* [Task instructions] For the material that follows, return exactly the lines from the one with "Professional female judoist" through the one with "Rüzgar türbinleri hava", both ends included.
>>>
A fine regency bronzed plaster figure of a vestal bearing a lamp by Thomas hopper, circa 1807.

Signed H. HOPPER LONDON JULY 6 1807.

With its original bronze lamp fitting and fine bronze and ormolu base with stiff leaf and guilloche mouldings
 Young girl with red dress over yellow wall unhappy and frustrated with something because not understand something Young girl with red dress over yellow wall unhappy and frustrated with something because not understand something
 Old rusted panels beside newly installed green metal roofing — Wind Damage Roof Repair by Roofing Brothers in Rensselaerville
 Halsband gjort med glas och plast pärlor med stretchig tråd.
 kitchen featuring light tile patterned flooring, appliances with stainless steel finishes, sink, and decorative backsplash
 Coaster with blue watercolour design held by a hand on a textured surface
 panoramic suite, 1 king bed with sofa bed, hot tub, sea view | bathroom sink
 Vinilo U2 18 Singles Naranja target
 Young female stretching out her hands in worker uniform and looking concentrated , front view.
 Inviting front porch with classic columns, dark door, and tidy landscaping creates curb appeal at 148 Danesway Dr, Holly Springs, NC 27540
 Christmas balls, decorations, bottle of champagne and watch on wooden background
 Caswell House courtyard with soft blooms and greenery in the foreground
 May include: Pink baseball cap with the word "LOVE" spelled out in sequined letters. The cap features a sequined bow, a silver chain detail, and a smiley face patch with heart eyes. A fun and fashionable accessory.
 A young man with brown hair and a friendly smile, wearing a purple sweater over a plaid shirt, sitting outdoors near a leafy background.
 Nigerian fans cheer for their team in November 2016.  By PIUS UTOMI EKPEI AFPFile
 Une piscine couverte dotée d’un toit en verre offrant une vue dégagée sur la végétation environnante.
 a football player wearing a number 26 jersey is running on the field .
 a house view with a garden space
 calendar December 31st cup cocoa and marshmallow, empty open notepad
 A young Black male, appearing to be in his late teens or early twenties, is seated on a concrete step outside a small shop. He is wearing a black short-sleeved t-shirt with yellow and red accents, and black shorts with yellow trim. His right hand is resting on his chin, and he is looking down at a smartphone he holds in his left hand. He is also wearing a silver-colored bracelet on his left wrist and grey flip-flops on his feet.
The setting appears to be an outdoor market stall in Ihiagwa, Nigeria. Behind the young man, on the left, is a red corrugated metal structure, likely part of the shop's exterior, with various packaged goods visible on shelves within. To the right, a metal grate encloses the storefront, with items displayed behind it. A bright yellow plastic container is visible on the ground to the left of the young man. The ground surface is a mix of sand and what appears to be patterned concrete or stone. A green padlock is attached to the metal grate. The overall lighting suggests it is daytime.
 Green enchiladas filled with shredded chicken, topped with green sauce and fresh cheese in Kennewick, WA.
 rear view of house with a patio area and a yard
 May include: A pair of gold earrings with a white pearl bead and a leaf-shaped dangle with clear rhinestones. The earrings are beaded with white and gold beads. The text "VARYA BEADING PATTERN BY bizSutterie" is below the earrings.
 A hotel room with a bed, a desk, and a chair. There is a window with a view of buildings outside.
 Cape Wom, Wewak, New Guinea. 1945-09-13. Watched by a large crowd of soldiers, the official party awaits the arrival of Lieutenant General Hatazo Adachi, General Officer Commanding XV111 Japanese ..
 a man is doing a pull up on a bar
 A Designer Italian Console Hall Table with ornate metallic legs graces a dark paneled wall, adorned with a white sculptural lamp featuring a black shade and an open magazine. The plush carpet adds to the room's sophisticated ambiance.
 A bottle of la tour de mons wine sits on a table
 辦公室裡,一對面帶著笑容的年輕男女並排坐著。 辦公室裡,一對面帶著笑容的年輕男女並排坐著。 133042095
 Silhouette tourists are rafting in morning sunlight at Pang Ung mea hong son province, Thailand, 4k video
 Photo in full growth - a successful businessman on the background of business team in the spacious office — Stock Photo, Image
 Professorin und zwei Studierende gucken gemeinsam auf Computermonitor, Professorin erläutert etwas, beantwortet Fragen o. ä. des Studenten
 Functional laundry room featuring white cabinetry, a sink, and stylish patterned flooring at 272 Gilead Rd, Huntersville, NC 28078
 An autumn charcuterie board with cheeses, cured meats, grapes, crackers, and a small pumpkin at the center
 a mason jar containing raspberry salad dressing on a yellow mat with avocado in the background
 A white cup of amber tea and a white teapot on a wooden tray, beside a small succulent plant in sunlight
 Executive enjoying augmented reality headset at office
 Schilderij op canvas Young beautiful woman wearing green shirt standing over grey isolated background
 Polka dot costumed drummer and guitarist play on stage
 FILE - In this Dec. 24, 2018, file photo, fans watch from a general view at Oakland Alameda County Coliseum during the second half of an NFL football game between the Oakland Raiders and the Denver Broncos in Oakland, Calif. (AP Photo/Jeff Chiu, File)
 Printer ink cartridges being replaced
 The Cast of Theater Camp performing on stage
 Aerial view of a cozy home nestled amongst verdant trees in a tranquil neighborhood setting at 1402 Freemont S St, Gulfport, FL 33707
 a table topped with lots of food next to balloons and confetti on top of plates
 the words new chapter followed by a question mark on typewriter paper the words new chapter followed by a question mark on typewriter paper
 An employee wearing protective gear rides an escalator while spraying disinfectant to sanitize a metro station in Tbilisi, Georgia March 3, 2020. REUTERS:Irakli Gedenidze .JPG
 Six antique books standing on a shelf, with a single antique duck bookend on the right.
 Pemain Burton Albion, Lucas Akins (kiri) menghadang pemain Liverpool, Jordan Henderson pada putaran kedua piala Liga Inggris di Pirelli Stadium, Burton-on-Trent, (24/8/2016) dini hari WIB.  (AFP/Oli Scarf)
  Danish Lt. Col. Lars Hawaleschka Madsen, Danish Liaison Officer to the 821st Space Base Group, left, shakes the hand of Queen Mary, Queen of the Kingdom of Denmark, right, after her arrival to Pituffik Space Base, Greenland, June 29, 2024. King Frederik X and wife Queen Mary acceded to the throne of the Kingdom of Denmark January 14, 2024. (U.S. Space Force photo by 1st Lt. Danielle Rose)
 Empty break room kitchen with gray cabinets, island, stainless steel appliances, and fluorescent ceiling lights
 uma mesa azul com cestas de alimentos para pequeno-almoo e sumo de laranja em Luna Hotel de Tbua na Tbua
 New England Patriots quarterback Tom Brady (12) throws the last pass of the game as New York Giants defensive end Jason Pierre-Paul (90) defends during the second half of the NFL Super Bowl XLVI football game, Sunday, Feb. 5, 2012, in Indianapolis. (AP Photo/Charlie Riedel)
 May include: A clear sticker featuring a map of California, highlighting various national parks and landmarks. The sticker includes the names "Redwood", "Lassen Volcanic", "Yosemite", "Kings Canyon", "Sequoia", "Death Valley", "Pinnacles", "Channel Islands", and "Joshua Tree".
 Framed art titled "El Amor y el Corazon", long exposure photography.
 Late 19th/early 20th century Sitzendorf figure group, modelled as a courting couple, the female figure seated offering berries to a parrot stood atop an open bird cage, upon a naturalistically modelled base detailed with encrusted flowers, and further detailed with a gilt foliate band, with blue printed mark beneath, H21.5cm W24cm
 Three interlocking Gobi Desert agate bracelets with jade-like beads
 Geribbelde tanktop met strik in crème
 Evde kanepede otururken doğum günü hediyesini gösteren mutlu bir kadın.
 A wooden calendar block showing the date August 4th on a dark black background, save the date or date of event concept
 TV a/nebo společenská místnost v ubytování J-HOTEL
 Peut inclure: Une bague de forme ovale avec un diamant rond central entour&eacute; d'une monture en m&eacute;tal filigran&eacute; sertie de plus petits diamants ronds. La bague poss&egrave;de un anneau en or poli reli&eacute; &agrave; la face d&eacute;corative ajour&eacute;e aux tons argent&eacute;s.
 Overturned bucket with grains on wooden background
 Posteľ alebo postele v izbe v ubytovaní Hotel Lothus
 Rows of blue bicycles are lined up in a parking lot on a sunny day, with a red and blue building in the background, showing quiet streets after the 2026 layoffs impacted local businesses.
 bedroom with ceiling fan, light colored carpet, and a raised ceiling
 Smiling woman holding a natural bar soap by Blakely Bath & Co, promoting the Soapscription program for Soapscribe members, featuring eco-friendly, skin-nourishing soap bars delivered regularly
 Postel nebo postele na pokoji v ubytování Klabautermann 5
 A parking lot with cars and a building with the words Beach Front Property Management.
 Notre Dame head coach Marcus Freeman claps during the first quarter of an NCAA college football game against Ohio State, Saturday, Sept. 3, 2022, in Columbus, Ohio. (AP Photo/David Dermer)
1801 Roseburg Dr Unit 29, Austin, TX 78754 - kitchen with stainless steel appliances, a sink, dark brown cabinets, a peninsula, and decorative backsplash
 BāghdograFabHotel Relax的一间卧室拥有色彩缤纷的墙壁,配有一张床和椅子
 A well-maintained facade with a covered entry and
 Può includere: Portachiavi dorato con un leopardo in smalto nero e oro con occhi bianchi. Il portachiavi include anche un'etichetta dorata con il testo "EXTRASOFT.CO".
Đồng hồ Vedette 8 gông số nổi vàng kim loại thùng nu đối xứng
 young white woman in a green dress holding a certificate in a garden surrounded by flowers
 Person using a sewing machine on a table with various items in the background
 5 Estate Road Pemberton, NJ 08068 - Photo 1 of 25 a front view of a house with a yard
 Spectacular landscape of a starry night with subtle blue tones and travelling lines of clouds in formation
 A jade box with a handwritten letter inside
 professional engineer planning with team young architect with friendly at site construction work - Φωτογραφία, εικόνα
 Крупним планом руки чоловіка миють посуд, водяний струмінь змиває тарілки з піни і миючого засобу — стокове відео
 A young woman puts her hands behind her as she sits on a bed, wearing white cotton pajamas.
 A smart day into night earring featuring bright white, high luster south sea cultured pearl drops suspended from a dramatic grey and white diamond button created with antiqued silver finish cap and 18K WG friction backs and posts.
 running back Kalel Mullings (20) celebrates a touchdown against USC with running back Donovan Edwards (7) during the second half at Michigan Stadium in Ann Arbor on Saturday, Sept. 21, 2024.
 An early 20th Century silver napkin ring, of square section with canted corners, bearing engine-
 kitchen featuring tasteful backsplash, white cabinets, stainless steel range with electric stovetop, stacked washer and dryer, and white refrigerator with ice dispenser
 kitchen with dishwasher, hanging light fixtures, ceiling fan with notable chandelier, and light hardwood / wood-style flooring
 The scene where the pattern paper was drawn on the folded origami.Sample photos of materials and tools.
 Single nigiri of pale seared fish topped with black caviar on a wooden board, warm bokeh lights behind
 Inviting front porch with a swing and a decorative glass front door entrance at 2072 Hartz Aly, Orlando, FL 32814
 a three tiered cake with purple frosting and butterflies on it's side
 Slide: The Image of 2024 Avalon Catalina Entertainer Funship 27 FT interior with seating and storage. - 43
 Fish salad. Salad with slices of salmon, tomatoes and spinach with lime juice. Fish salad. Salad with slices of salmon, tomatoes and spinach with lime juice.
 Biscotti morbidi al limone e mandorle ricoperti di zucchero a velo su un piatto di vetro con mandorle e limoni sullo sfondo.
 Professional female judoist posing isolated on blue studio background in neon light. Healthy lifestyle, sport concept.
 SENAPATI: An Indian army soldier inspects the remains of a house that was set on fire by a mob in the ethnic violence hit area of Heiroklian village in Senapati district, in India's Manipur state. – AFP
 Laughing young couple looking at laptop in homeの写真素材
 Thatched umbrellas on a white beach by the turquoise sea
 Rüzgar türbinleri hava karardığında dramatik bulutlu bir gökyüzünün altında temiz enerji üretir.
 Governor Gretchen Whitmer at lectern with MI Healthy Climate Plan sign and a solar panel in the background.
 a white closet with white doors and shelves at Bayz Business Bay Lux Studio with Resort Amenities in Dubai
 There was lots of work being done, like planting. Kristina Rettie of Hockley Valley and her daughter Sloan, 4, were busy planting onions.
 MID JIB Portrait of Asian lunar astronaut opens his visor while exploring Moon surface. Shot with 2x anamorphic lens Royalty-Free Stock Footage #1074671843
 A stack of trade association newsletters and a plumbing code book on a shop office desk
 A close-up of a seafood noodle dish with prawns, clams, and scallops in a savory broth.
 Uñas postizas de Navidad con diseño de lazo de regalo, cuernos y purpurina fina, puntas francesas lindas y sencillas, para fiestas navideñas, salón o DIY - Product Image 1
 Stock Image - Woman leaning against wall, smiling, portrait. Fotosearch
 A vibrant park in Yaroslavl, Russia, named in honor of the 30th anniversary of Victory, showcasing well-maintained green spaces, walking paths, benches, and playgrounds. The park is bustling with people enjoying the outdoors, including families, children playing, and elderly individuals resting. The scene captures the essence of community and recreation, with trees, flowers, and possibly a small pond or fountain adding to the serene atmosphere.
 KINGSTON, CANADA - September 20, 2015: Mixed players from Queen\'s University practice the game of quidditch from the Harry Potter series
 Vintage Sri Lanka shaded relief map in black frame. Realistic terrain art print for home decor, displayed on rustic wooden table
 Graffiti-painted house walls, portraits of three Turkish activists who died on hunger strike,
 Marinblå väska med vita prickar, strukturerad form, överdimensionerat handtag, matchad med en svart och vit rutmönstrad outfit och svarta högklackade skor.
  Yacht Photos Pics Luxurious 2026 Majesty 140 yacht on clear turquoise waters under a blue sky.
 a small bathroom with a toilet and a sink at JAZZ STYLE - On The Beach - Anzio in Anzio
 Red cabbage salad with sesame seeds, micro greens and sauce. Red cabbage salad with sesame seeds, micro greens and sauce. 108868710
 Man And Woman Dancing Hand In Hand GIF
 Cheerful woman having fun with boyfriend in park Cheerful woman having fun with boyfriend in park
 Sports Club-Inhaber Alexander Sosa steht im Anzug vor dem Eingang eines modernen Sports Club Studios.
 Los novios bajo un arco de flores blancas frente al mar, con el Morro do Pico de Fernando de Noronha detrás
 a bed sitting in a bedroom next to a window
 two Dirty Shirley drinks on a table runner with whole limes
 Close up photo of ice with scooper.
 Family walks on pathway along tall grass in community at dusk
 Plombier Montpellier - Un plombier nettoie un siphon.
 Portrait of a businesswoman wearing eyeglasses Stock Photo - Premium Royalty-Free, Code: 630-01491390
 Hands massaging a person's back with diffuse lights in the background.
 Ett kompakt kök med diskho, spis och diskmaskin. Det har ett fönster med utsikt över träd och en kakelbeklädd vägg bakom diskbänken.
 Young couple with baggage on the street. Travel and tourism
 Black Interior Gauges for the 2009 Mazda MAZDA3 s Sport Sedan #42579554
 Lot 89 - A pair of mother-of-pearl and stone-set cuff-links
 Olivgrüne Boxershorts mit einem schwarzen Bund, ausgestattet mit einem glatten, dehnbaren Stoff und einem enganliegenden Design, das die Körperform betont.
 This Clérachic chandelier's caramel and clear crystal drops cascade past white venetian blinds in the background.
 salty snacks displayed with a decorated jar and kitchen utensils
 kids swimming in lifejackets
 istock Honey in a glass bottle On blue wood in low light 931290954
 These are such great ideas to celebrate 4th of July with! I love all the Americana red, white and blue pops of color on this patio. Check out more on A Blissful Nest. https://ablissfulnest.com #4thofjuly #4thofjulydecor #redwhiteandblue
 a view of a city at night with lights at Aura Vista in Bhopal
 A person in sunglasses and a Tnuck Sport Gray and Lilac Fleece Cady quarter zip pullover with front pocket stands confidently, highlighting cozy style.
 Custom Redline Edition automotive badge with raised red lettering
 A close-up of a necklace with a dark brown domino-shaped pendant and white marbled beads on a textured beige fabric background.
<<<
* [Reply]
 Professional female judoist posing isolated on blue studio background in neon light. Healthy lifestyle, sport concept.
 SENAPATI: An Indian army soldier inspects the remains of a house that was set on fire by a mob in the ethnic violence hit area of Heiroklian village in Senapati district, in India's Manipur state. – AFP
 Laughing young couple looking at laptop in homeの写真素材
 Thatched umbrellas on a white beach by the turquoise sea
 Rüzgar türbinleri hava karardığında dramatik bulutlu bir gökyüzünün altında temiz enerji üretir.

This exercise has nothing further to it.